- [AIM OF THE TASK]: Directions for the data below: repeat exactly the lines from the one with "I've been making" through the one with "Hello everybody and", both included, and omit all pictures.

··· INPUT DATA

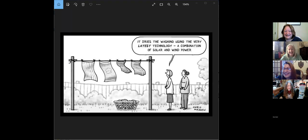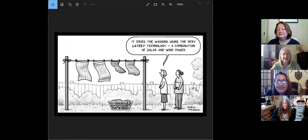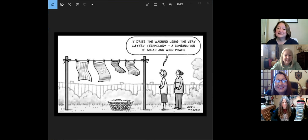Today Sophia is going to be sharing with us about the fundamentals of flash fiction. She starts with a picture of a clothesline with laundry drying, where one woman tells the other it dries the washing using the very latest technology — a combination of wind and solar power. That image captures the concept of flash fiction: it seems like a new and alien concept, but it's been around a lot longer than you think.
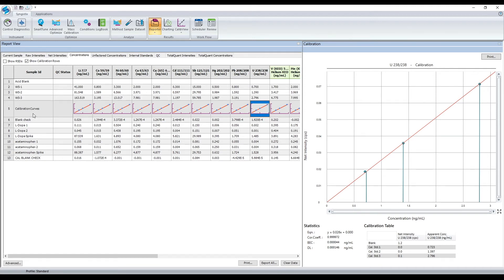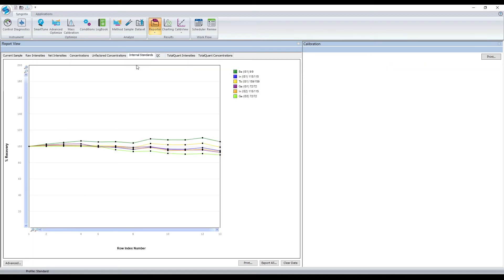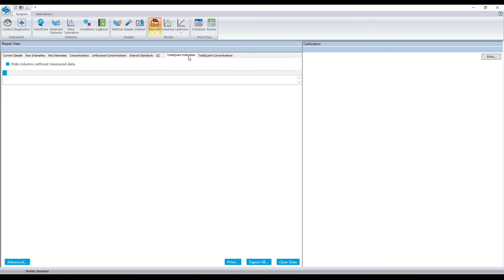In the reporter screen, you can see raw intensities, net intensities, concentrations, unfactor concentrations, quality control results, and very importantly, a chart that shows you how the internal standards performed during the run. In addition, if your method included total quant data, you would have total quantitative or semi-quantitative results shown in these tabs.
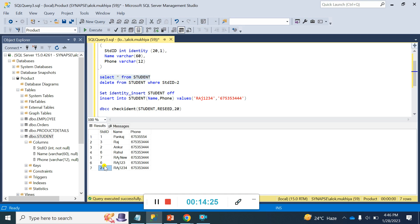That's it for this video. Once you set an identity value you cannot remove it directly because it may cause data loss issues. If you want to remove the identity, you need to create a different column, shift the data to that column, remove all connections and constraints to the original column, and then remove the identity. You cannot remove it explicitly once it is set. Thank you for watching — if you have any questions put them in the comment box and I will try to answer. Please like and subscribe to the channel.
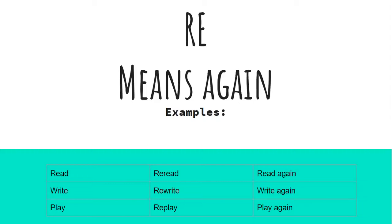See if you can write down as many words as you can that begin with the word or prefix RE.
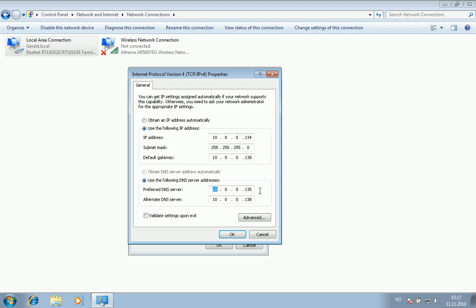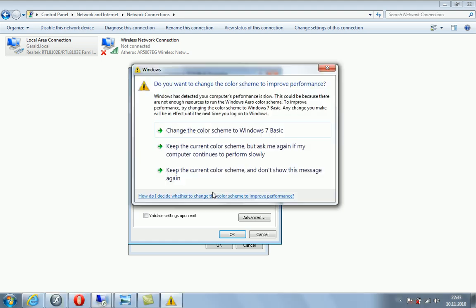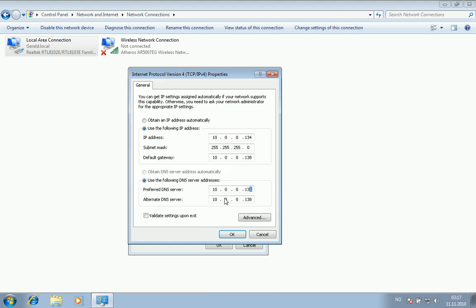I used the domain controller's IP address as a preferred DNS server and my router's IP address as an alternative DNS server. As you can see here, this first line of IP is the IP of my domain controller, which is also my main server. This one here is basically my default gateway, the IP address of my router.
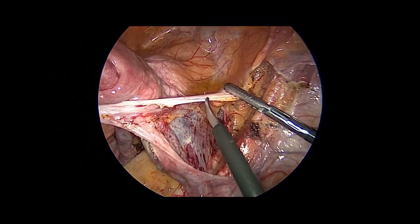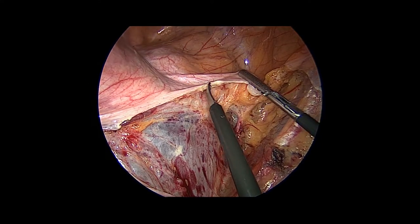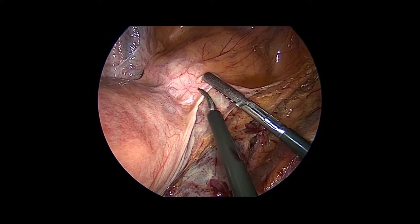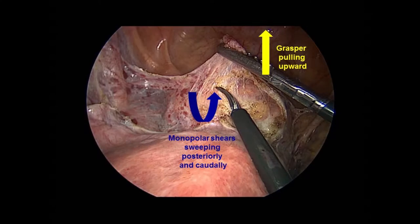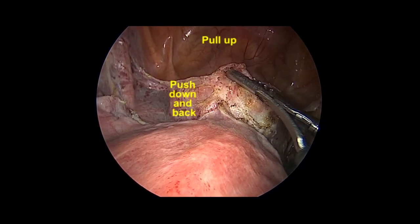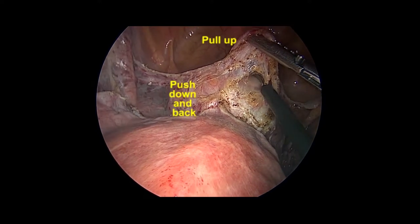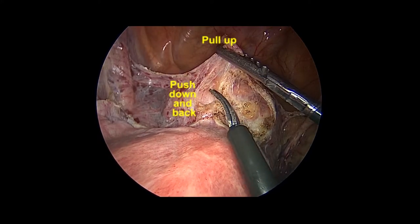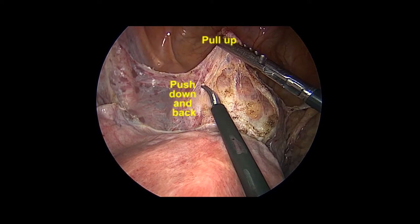The vesicovaginal space lies between the vagina and the bladder. It is easily and safely entered from the lateral aspect. The anterior leaf of the broad ligament is tented anteriorly and the vesicouterine fold is incised using the colpotomy cup as a guide. While using a grasper to maintain gentle upward traction on the bladder, the monopolar shears push the connective tissue posteriorly and towards the bladder in a sweeping or wiping motion, pushing down against the endopelvic fascia. Short bursts of monopolar energy may be used when encountering small vessels during this dissection.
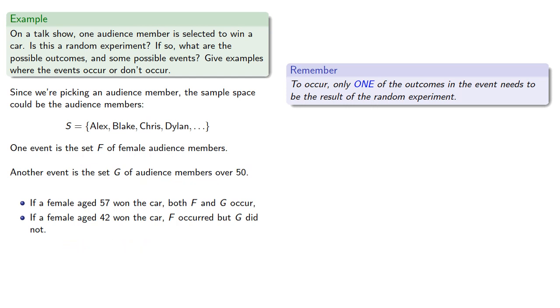Now, if we don't want F to occur, we need to pick a non-female audience member. So, if a male aged 65 won the car, F did not occur, but G did, because they were over 50.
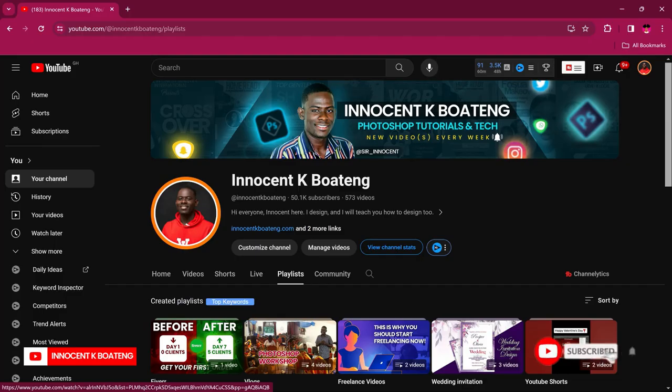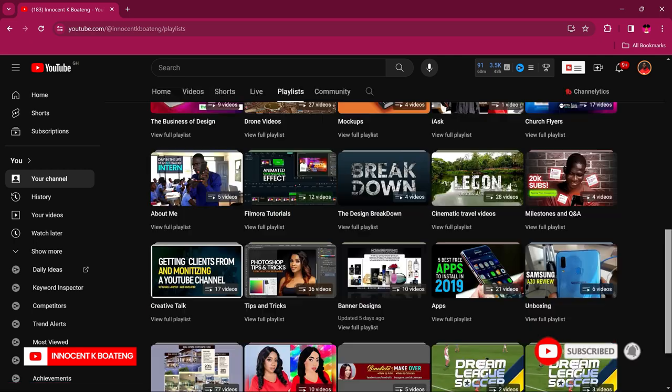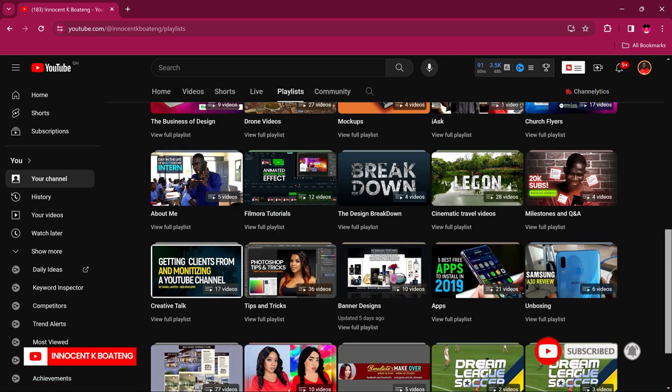I've been making tutorials for the past 6 years. Here are some things that I've learned that I want to share with you in case you are considering starting a tutorial channel. First off, making tutorials is great. It has really helped me a lot, but there are some pros and cons.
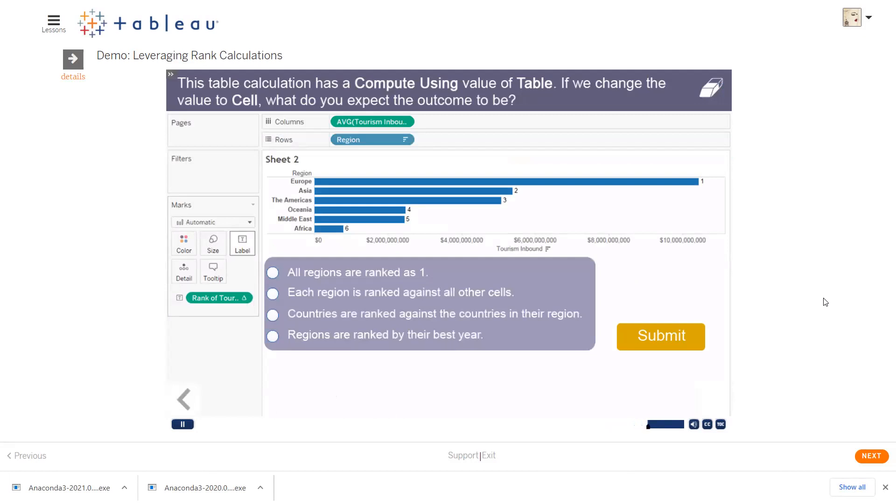This table calculation has a compute using value of table, okay, compute using. If we change the value to cell, what do you expect the outcome to be?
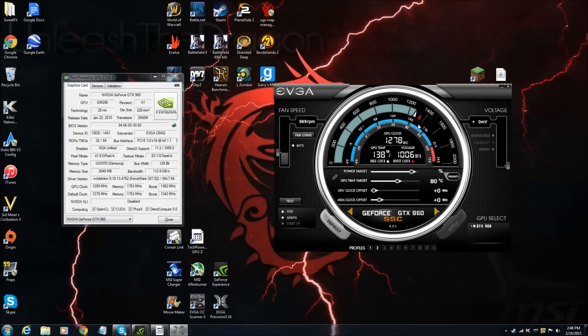Hello everybody and welcome to Dragon Gaming. Today I'm going to be showing you exactly how to overclock the GTX EVGA Super Super Clock 960.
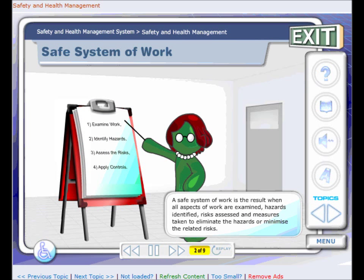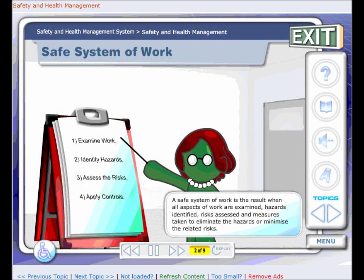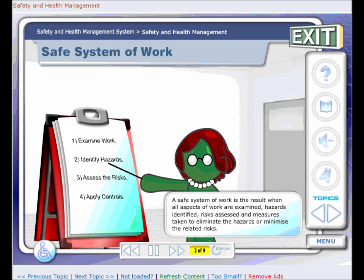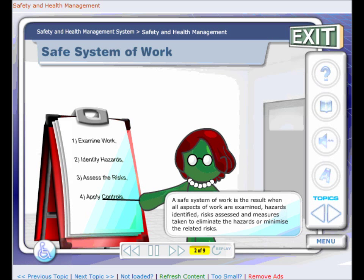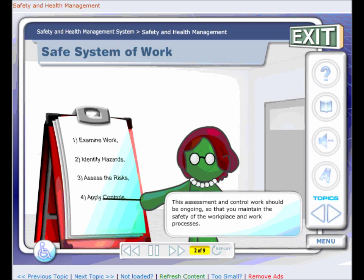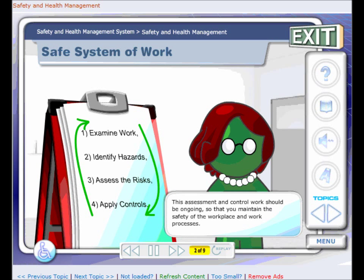A safe system of work is the result when all aspects of work are examined, hazards identified, risks assessed, and measures taken to eliminate the hazards or minimise the related risks. This assessment and control work should be ongoing, so that you maintain the safety of the workplace and work processes.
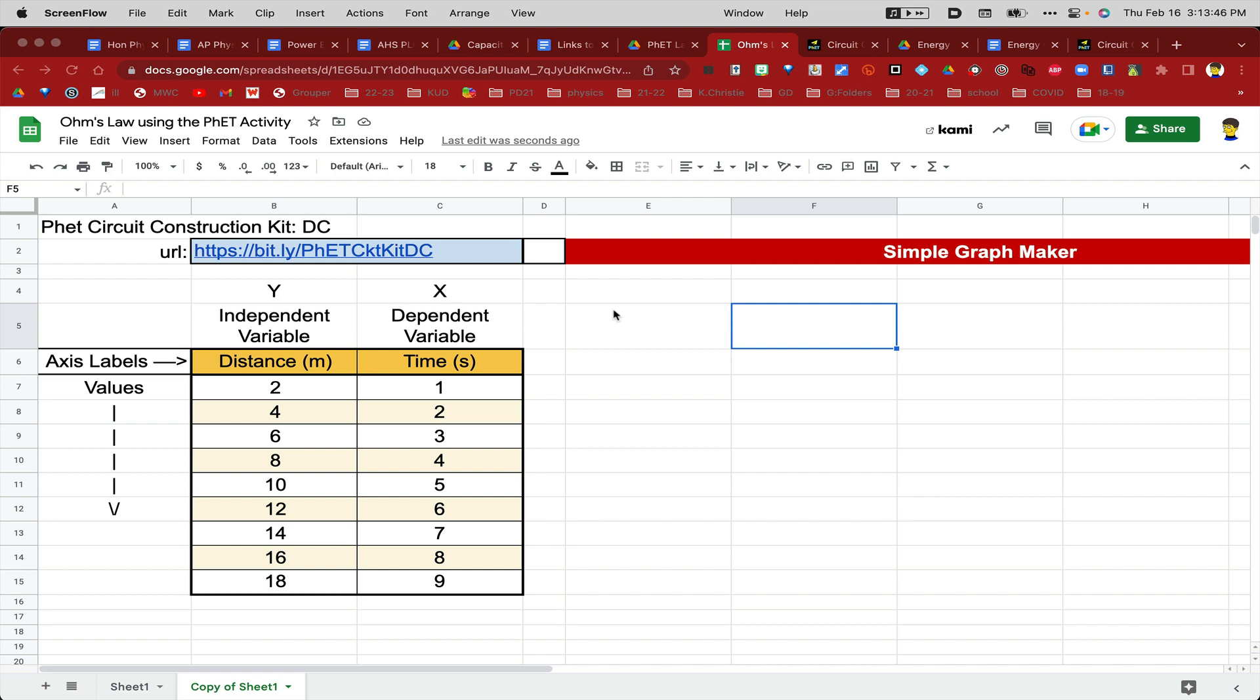This video is going to quickly show you how to make a chart and a trend line and a y equals mx plus b equation using Google Sheets.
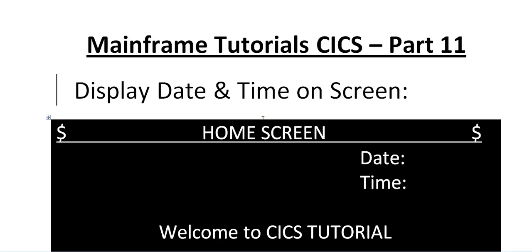Hello, good morning or good evening to everyone. Welcome to mainframe tutorial CICS part 11.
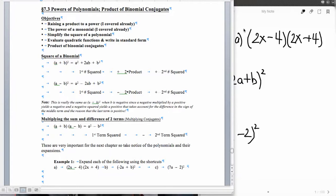This is going to be our first lecture on section 7.3, Powers of Polynomials and Products of Binomial Conjugates. We basically have two topics to cover: squaring a binomial and then the multiplying of conjugates.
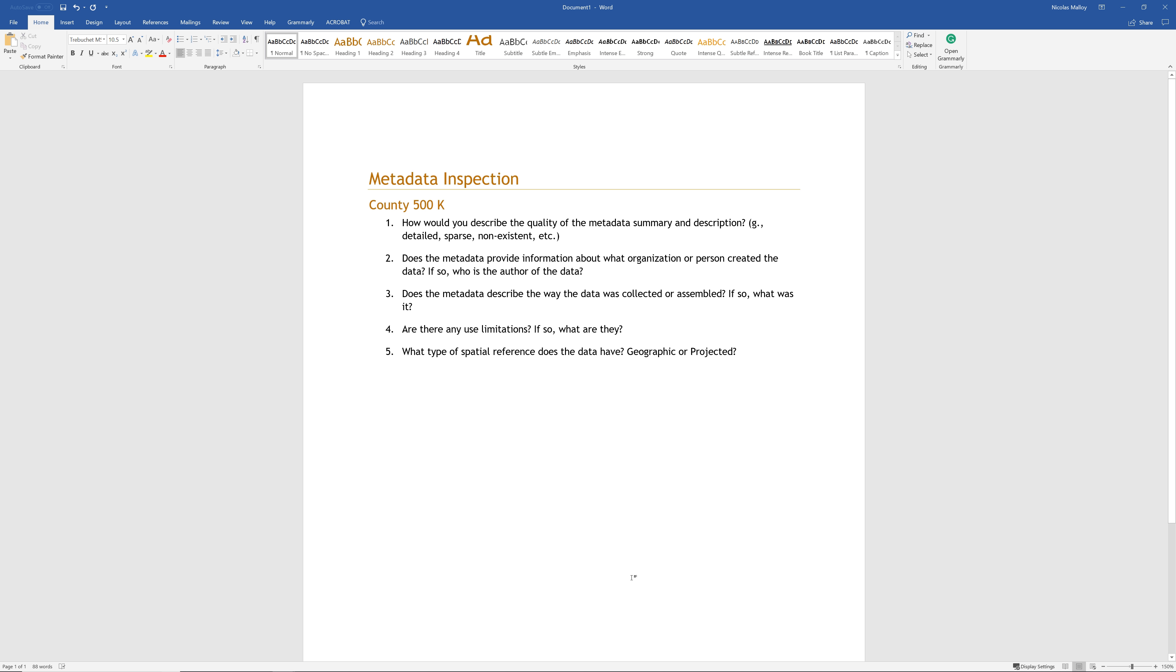For this last question, do not worry about the meaning of the terms geographic or projected. You will learn about this in a later chapter. For now, try to find the answer in the metadata. When done, save the Microsoft Word document to your final folder. Name the file basicqaqc and save it as a .docx file.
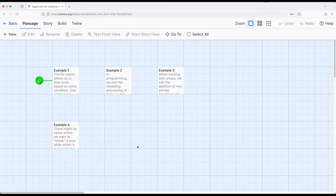Welcome to a tutorial on Twine. In this video, I'm going to look at the for macro in particular, working with the data structure of arrays within JavaScript and within SugarCube 2.36. Let's work through these four different example passages and look at how we can access arrays in different ways.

······

- [PROBLEM SOLUTION]:
I've been making tutorials for the past 6 years. Here are some things that I've learned that I want to share with you in case you are considering starting a tutorial channel. First off, making tutorials is great. It has really helped me a lot, but there are some pros and cons.
This table calculation has a compute using value of table, okay, compute using. If we change the value to cell, what do you expect the outcome to be?
Hello everybody and welcome to Dragon Gaming. Today I'm going to be showing you exactly how to overclock the GTX EVGA Super Super Clock 960.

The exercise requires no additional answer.